The rest of Chapter 1 deals with semantic models, code generation, language workbenches, and visualization. This is followed by 56 chapters in six parts:

  • Narratives
  • Common Topics
  • External DSL Topics
  • Internal DSL Topics
  • Alternative Computational Models
  • Code Generation

With 57 chapters total, the book seems a bit intimidating at first, and it would be, except for the way it is organized, which is similar to the “design patterns” books in the Martin Fowler Signature Series. The book consists of very short chapters, often just three or four pages, that talk about a particular topic. When that topic is referenced, the page where its chapter starts is given in parentheses, like this:

With each event declaration, I can create an event from the Semantic Model and put it into a Symbol Table (165).
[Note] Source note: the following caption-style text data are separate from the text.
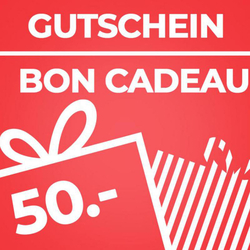 Wertgutschein CHF 50.-, Schenken leicht gemacht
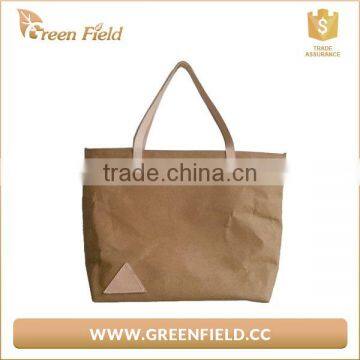 Kraft paper shopping bag high quality washable kraft paper shopping bag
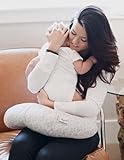 Nursing Pillow Hush Breastfeeding Maternity Twin Support Pillow by Monther's Lounge [並行輸入品]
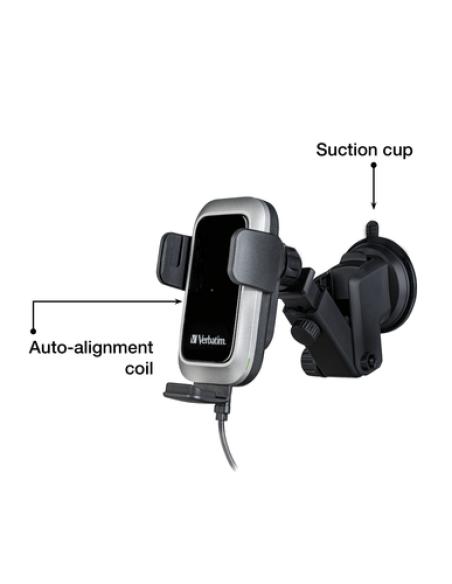 Verbatim FWC-03 Pro Qi Fast Wireless Autoladegerät retail Negro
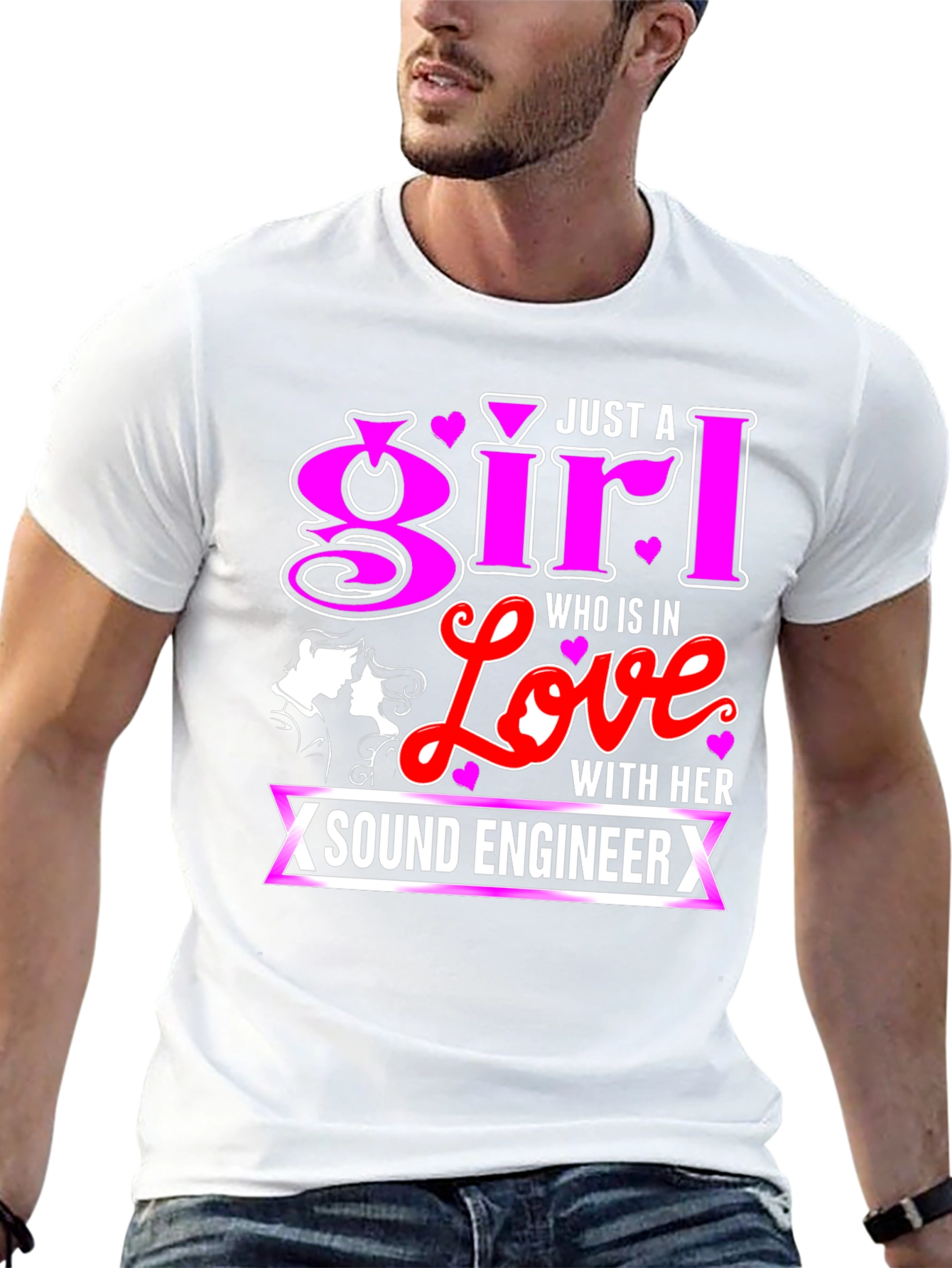 Sound Engineers Girl Black T-Shirt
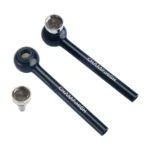 Champ High Pool Glass Black Pipes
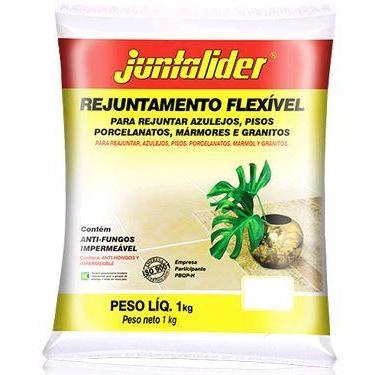 Imagem de Kit c/ 20KG Argamassa Rejunte Flex 1 Kg Preto - Juntalider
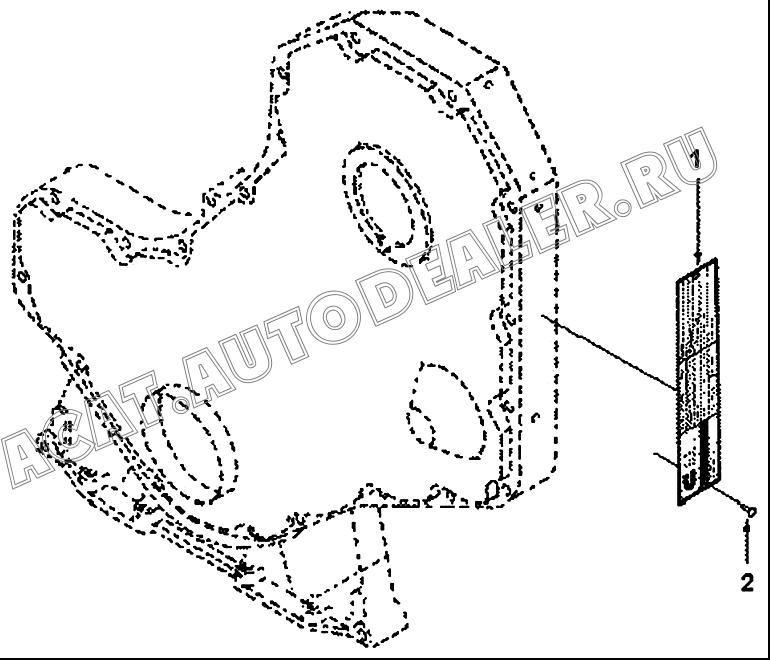 Табличка с параметрами C3415519 4110000081053 для SDLG LG936L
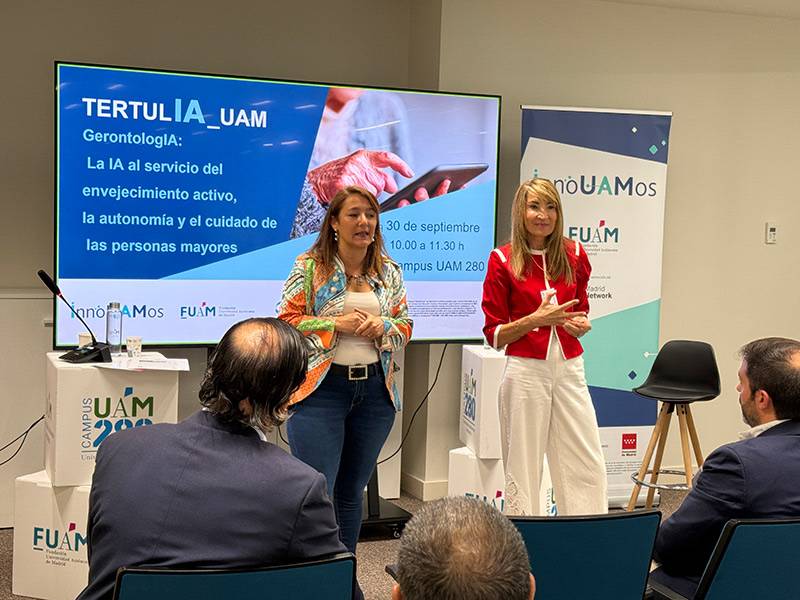 Madrid Network y FUAM impulsan la IA para el envejecimiento activo y el cuidado de mayores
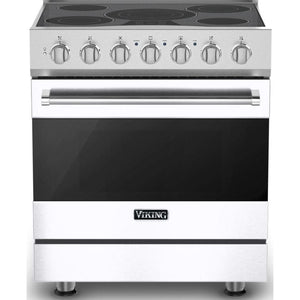 Viking 30-inch Freestanding Electric Range with Vari-Speed Dual Flow™ Convection CRVER3301-5BWH IMAGE 1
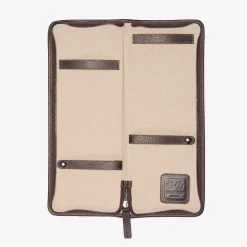 Leather Inserts Tie-Case - Brown^Battistoni Clearance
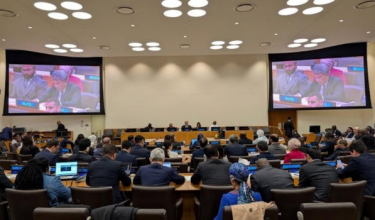Menteri Luar Datuk Seri Mohamad Hasan menyampaikan intervensi Malaysia pada Mesyuarat Penyelarasan Tahunan Menteri-Menteri Luar Pertubuhan Kerjasama Islam (OIC) di Bilik Persidangan 3, Ibu Pejabat PBB, New York/ BERNAMA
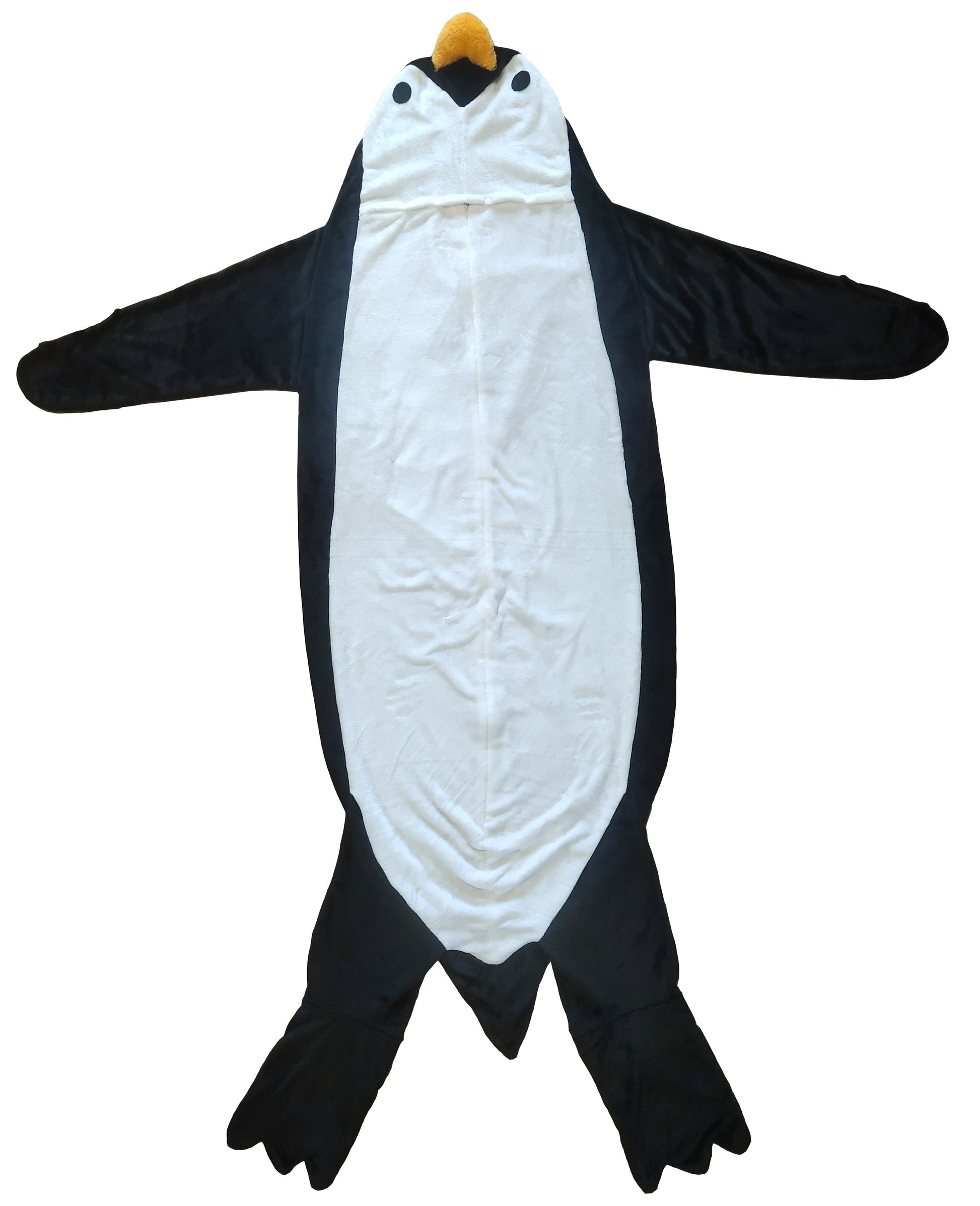 Oversized Penguin Animal Wearable Blanket Hoodie Soft Fleece Hooded Blanket with Sleeves Warm Winter Loungewear by OLIVIA ROCCO PENGUIN Hooded Blanket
Using the page number in the reference, rather than a chapter or section number, or referring to a footnote, means you do not have to go to the table of contents or look somewhere else to find the page you want. And the book has a built-in ribbon to hold your place, so if you want to spend some time in the referenced chapter, you do not have keep your finger on the page you came from to hold your position. This seems like a simple thing, but in practice, it makes it much easier to follow the references.

The short chapters, each about a single topic, make it easy to look up what you need to, and skip things you already know or do not need. If you are implementing a DSL on a deadline, rather than taking a college course on compilers, this organization works much better than the older compiler books that would have a large chapter on each general area of compiler design, long on theory and short on practice. This is a book for the working programmer who needs to implement a DSL.

Now, you may never need to implement a DSL. But it is also possible that doing so would make your life a lot easier, and you have just not considered the possibility. This book will help you decide, and show you some of the possibilities, without bogging you down with too much theory.

One parting thought: some of us still spend most of our working lives coding in assembly language. It is possible to implement a DSL in assembly language. (In fact, ColmoneBOL, mentioned earlier, was implemented in assembly language.) But there are so many more tools and facilities available in high-level languages, not to mention faster coding (studies have shown that programmers code about the same number of lines of code per day, regardless of whether they are coding in assembly language or a high-level languages, and high-level languages do more per line) and fewer error possibilities, that the cost of learning a new language may be outweighed by the improved efficiency it brings.